The Supreme Court allowed congressional maps that favor Democrats to move forward in North Carolina and Pennsylvania in an order issued Monday afternoon.
The two decisions reflect the latest in a flurry of court filings in the last few weeks as Republicans seek to overturn court victories they see favoring Democrats. In a concurring opinion on the decision rejecting the North Carolina case, Justice Brett M. Kavanaugh wrote the Supreme Court will likely not intervene in other mapmaking cases.
“[I]t is too late for the federal courts to order that the district lines be changed for the 2022 primary and general elections, just as it was too late for the federal courts to do so in the Alabama redistricting case last month,” Kavanaugh wrote.
Last month, the Supreme Court allowed an allegedly racially discriminatory map to move forward for this fall’s elections. There, Kavanaugh argued the state’s May primary was too close to fully hear the dispute over the map.
Both Pennsylvania and North Carolina have May 17 primaries.
Justices Clarence Thomas, Samuel A. Alito and Neil M. Gorsuch dissented, writing they would have granted the stay in the North Carolina case. Kavanaugh, in the concurring opinion, wrote the court may consider the merits of the case down the road.
The high court rejected Pennsylvania case without a written order.
The North Carolina League of Conservation Voters, one of the plaintiffs in the state court case that tossed the map, praised the Supreme Court’s rejection of the appeal.
“The same legislators who drew unconstitutional, gerrymandered maps sought to throw North Carolina’s elections into disarray with a last-minute appeal to the U.S. Supreme Court after they lost repeatedly in state court,” the organization said in a statement.
North Carolina picked up a seat through reapportionment, and the map approved by a three-judge panel would only hold for the elections this fall. The court-approved map followed a decision by the North Carolina Supreme Court that found the state legislature-approved boundaries violated state constitutional protections against partisan gerrymandering.
The panel adopted its own plan instead that would have a partisan split closer to the state’s overall divide, which broke 50-49 for Donald Trump over Joe Biden in 2020.
Republicans appealing that decision argued that the state judges overstepped their authority in selecting the congressional map. By their reasoning, only state legislatures have the power to draw such maps.
Pennsylvania lost one of the 18 House seats it has now through reapportionment, and the new map accounted for relative population loss in the middle of the state by splitting Republican Rep. Fred Keller’s district into seats held by Republican Reps. Dan Meuser and Glenn "GT" Thompson.

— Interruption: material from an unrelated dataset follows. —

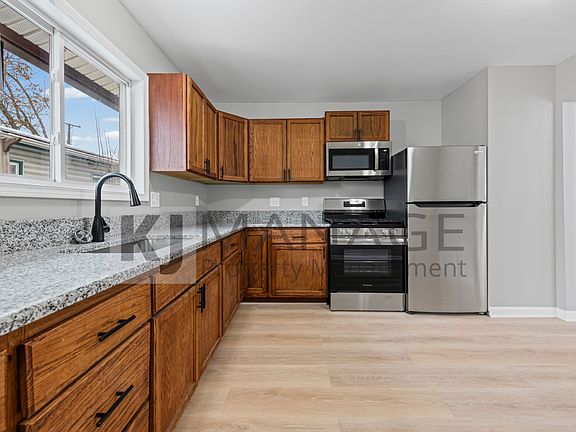 2nd image of 25518 Powers Ave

Keller subsequently decided to retire after this term.
Appellants in the Pennsylvania case argued the state Supreme Court acted improperly by choosing a map and sought to have it tossed out to force the Republican legislature and Democratic governor into last-minute talks for a compromise.
The Pennsylvania Supreme Court selected the map in a decision last month after the politically divided state government failed to approve one.
A separate appeal by Republicans in Wisconsin filed Monday was still pending. That case revolves around the state Supreme Court’s selection of a map put forward by the Democratic governor in stalemate litigation. With Republicans in control of the state legislature and a Democrat as governor, the two sides were not able to compromise on a map before the court stepped in.